Need to add more tests to check all points mentioned in initial comment

@pgaudet
Copy link
Contributor Author

pgaudet commented Jul 25, 2024

Add test

  • Assigned_by field (GAF column 15; GPAD column 10) should be checked against groups.yaml >> GO-OWL is not allowed, for example (currently we have 42 annotations in AmiGO)
  • Added more tests for all cases in the initial comment
  • Noting that FB:FBrf0193169 is incorrectly picked up as an error by gorule-0000027 (FB refs were recently added this to the dbxef file, this should be fixed once the change is incorporated in @mugitty 's local version for testing)

@mugitty
Copy link
Contributor

mugitty commented Aug 29, 2024

@pgaudet , It is working on http://skyhook.berkeleybop.org/go-site-2210-gorule-0000027-id-syntax/reports/assigned-by-gorule-report.html

Update has to be tested on a build that is based on ontobio version 2.9.7 or greater.
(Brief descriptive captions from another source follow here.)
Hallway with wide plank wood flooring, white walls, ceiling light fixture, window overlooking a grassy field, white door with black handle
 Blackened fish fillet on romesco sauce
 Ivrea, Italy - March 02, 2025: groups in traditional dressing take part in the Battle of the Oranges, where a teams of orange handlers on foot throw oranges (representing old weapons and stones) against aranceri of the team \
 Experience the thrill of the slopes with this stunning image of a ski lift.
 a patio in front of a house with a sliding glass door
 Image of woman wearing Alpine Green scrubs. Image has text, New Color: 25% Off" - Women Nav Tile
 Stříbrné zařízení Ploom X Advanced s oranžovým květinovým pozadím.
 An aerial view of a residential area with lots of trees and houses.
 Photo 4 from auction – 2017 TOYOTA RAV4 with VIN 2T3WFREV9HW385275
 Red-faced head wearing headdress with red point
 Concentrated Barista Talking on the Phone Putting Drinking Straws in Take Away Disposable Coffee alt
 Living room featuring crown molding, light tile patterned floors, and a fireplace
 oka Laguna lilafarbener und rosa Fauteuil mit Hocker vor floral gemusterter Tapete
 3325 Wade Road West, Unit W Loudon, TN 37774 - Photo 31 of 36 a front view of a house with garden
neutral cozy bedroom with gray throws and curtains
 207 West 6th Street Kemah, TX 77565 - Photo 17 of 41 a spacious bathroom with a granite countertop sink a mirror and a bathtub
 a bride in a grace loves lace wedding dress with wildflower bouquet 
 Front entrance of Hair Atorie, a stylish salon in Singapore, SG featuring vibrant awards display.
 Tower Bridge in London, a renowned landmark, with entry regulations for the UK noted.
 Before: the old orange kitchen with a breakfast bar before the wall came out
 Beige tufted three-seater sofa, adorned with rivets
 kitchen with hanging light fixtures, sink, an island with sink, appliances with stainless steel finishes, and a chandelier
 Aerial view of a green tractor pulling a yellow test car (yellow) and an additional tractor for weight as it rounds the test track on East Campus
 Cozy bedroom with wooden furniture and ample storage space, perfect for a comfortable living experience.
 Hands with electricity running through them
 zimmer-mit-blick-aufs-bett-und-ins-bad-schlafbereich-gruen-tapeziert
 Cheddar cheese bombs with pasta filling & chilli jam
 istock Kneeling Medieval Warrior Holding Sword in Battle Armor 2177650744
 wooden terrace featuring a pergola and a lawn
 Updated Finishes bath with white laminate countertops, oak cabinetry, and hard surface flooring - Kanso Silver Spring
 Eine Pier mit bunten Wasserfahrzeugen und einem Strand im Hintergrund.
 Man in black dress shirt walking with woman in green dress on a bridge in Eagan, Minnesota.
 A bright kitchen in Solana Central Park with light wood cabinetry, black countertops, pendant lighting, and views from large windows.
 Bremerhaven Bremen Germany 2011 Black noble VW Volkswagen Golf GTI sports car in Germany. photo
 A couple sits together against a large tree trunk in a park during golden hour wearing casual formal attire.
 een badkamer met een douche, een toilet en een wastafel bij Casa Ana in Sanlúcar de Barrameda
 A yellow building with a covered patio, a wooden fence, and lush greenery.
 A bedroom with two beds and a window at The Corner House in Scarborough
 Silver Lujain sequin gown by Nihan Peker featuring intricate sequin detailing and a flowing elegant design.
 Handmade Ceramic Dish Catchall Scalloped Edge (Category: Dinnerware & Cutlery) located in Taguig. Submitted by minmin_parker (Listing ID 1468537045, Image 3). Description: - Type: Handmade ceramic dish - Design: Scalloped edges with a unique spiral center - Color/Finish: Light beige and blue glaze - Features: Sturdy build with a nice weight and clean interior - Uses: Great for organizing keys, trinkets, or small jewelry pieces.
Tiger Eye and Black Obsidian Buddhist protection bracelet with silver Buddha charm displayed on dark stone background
However, we have reverted to build 2.9.2 on Aug 28, 2024.

@kltm
Copy link
Member

kltm commented Aug 29, 2024

@mugitty You can continue with the newer (latest) ontobio. The temporary reversion was to see if we could get a snapshot through to support ontology and GAF (annotation) updates while we work on the ontobio fixes for release.

@mugitty
Copy link
Contributor

mugitty commented Aug 30, 2024

Thanks @kltm! The updates for this ticket are already merged into the latest ontobio release.

@pgaudet
Copy link
Contributor Author

pgaudet commented Jan 24, 2025

@mugitty

For GORULE-0000027, I have a question about the behavior of the code when encountering this issue: "Database names or synonyms should be REPAIRED to value should be in the "database" field, and error reported (this is tested by GORULE_TEST:0000027-6)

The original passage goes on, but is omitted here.